- Opening Delimiter -

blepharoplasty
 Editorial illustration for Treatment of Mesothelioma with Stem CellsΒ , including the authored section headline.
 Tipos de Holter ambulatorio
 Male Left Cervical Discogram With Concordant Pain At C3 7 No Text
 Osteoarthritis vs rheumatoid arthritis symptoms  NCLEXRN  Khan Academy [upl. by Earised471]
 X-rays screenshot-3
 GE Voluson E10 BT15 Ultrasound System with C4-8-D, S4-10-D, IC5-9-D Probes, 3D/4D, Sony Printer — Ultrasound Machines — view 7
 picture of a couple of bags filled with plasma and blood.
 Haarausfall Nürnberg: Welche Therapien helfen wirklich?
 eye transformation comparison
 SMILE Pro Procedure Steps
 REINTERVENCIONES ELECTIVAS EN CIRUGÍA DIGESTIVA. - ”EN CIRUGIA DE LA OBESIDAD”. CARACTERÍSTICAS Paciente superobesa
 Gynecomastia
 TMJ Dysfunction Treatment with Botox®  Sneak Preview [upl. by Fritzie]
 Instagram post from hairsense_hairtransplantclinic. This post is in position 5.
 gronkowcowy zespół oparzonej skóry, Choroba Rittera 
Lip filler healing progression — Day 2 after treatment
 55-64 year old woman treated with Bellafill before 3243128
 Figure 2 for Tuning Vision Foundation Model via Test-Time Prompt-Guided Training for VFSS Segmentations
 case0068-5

- Closing Delimiter -

Task instructions -> In restating the data, begin at its first line, reproduce each line word for word, and conclude with the line that contains "X-rays screenshot-3".

Solution for this task ->
blepharoplasty
 Editorial illustration for Treatment of Mesothelioma with Stem CellsΒ , including the authored section headline.
 Tipos de Holter ambulatorio
 Male Left Cervical Discogram With Concordant Pain At C3 7 No Text
 Osteoarthritis vs rheumatoid arthritis symptoms  NCLEXRN  Khan Academy [upl. by Earised471]
 X-rays screenshot-3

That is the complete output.